• **YOUR ASSIGNMENT**:
In the entries below, find the line with "Panasonic FZ28 vs" and the line with "NOW Foods L-Glutamine", then retype both and everything between them exactly. Do not copy the pictures.

• **SUPPLIED MATERIAL**:

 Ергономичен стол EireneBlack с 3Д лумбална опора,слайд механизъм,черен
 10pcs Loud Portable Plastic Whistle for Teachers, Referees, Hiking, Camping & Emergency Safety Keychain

--

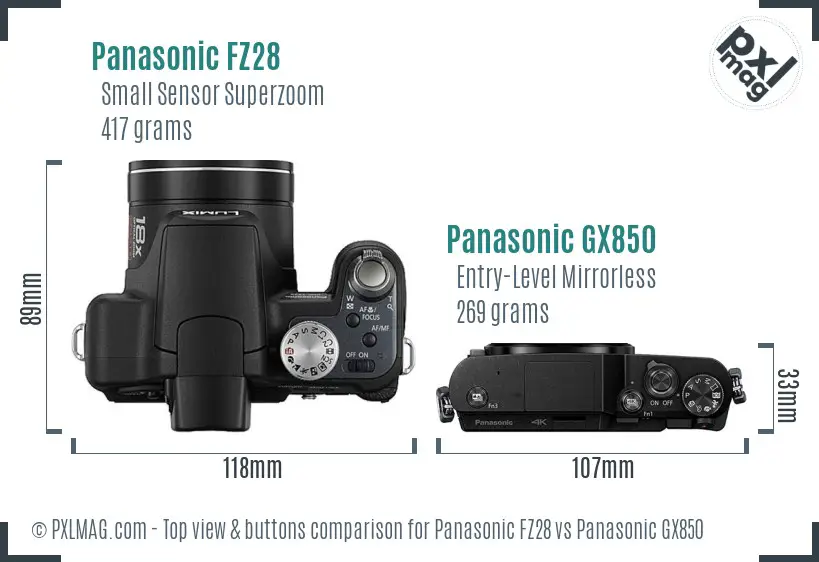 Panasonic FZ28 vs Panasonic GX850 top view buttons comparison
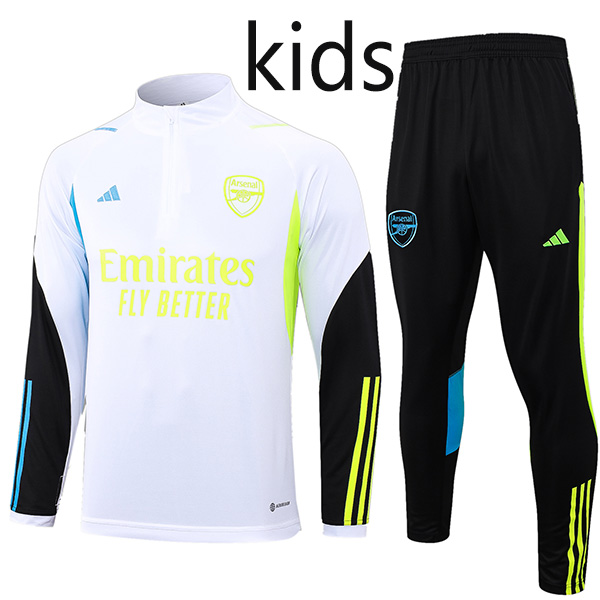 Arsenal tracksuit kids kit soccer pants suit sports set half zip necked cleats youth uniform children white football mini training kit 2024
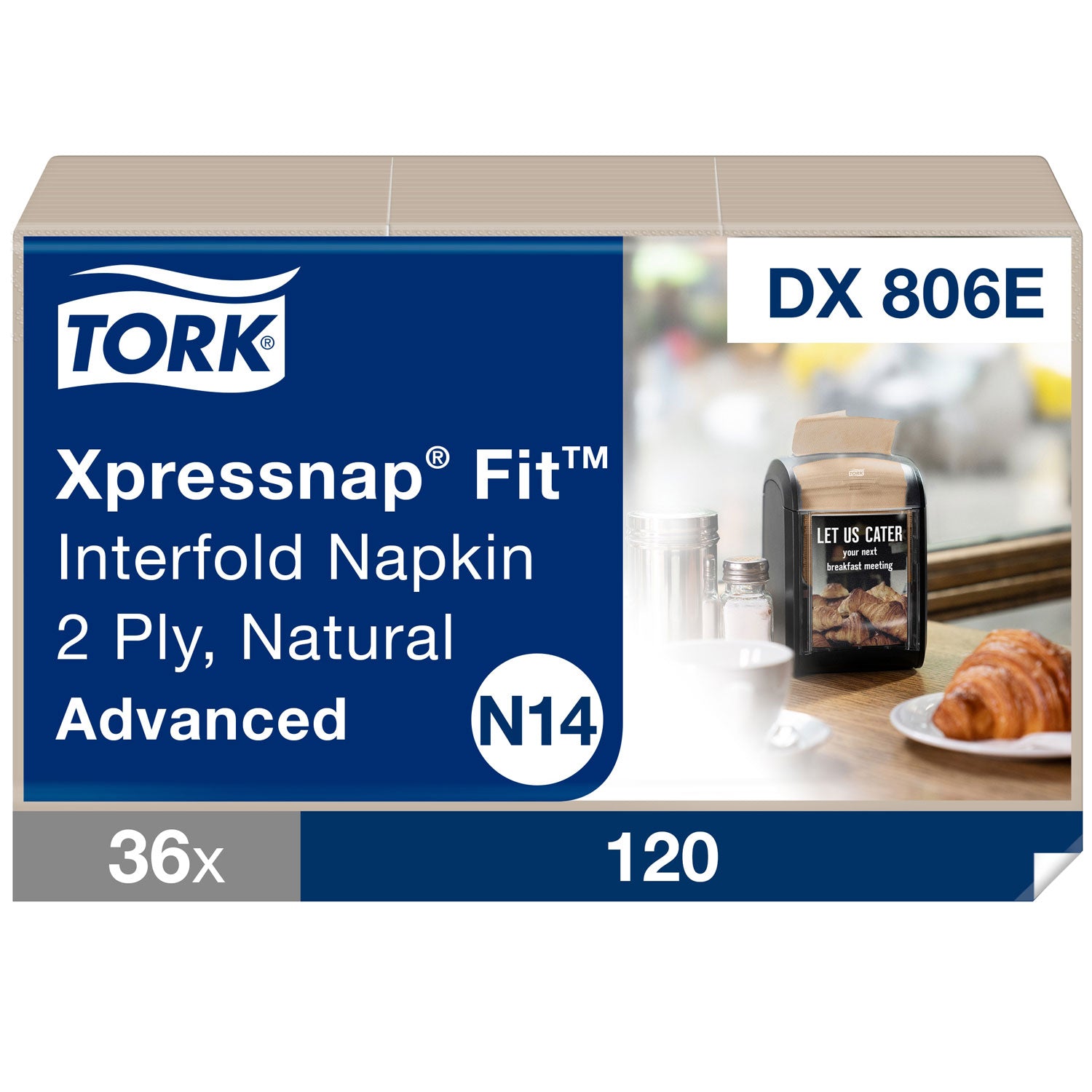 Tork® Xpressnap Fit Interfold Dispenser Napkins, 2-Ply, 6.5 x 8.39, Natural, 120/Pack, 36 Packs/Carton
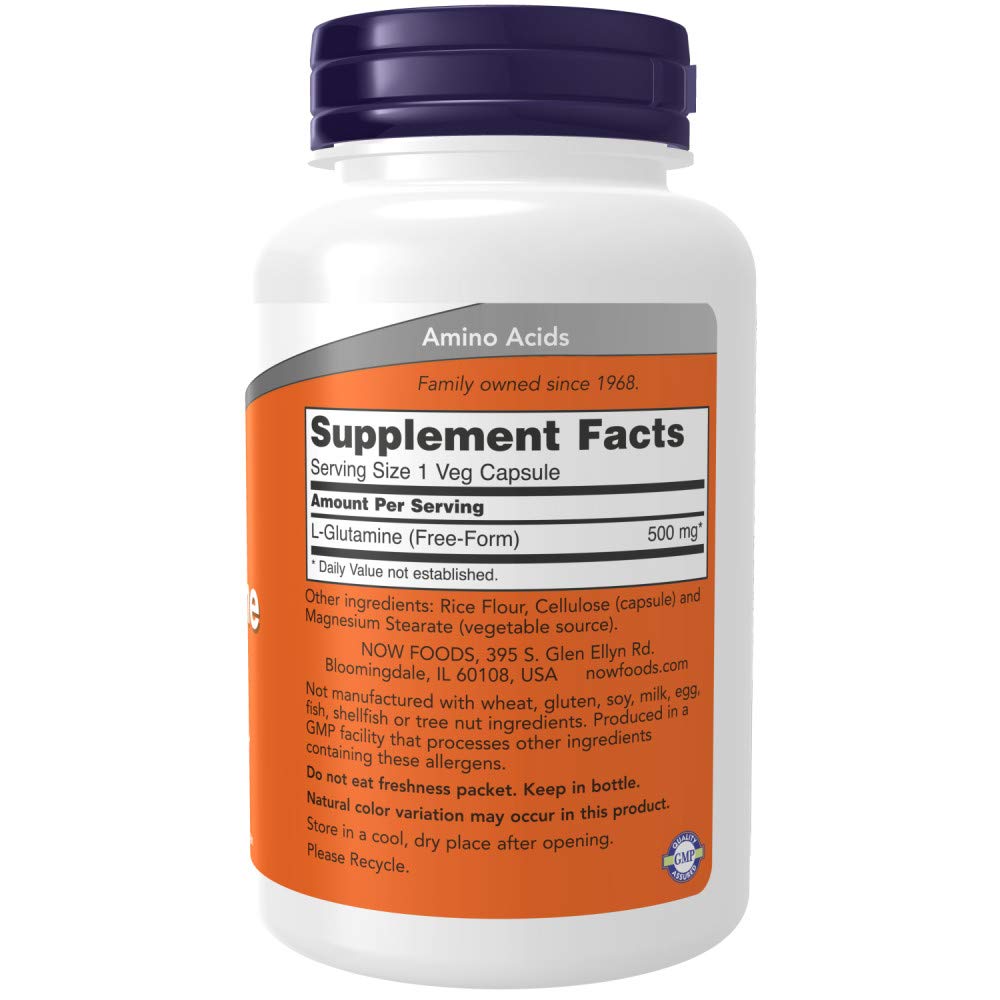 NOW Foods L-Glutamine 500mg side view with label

• **ANSWER TO THE PROBLEM**:
 Panasonic FZ28 vs Panasonic GX850 top view buttons comparison
 Arsenal tracksuit kids kit soccer pants suit sports set half zip necked cleats youth uniform children white football mini training kit 2024
 Tork® Xpressnap Fit Interfold Dispenser Napkins, 2-Ply, 6.5 x 8.39, Natural, 120/Pack, 36 Packs/Carton
 NOW Foods L-Glutamine 500mg side view with label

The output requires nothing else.